▶ DATA SUPPLIED
━━━

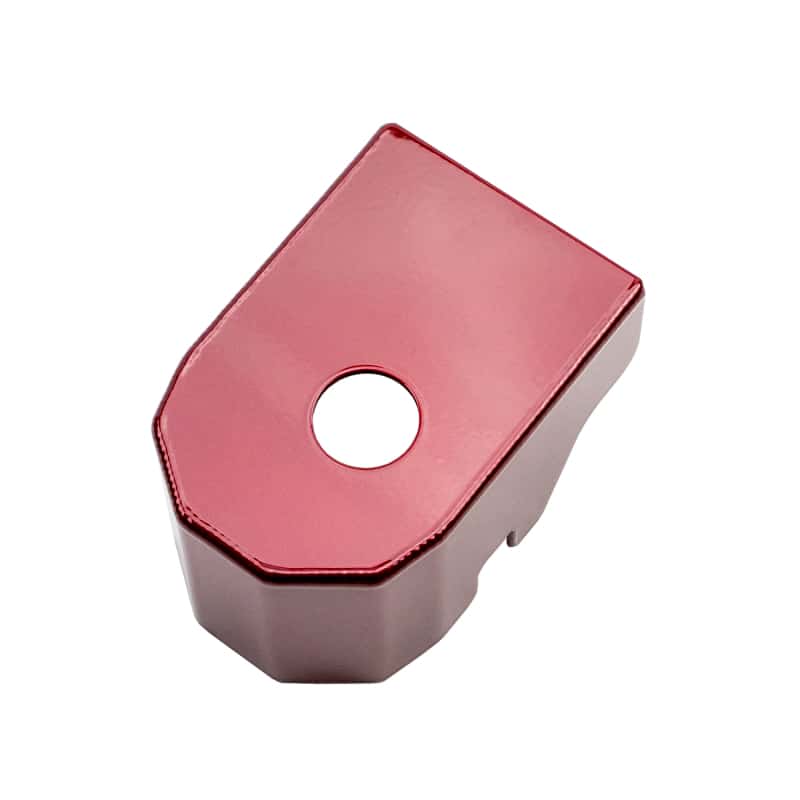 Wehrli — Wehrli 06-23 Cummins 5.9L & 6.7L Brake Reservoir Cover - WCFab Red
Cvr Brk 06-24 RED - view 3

━━━

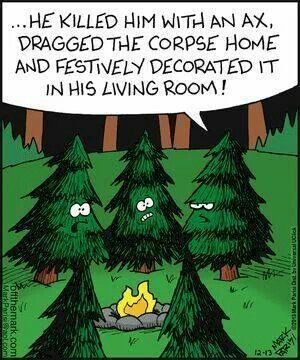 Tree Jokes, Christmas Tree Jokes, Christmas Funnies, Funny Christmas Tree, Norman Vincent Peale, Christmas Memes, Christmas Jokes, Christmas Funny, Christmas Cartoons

━━━

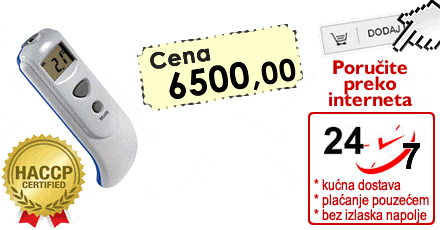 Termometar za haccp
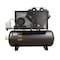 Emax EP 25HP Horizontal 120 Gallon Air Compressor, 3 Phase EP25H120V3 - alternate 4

━━━

▶ ACTIVITY
Would you set down only the lines above from the line with "Wehrli — Wehrli" to the line with "Cvr Brk 06-24 RED - view 3", both included, exactly as they stand and without the pictures?

▶ EXERCISE RESULT
 Wehrli — Wehrli 06-23 Cummins 5.9L & 6.7L Brake Reservoir Cover - WCFab Red
Cvr Brk 06-24 RED - view 3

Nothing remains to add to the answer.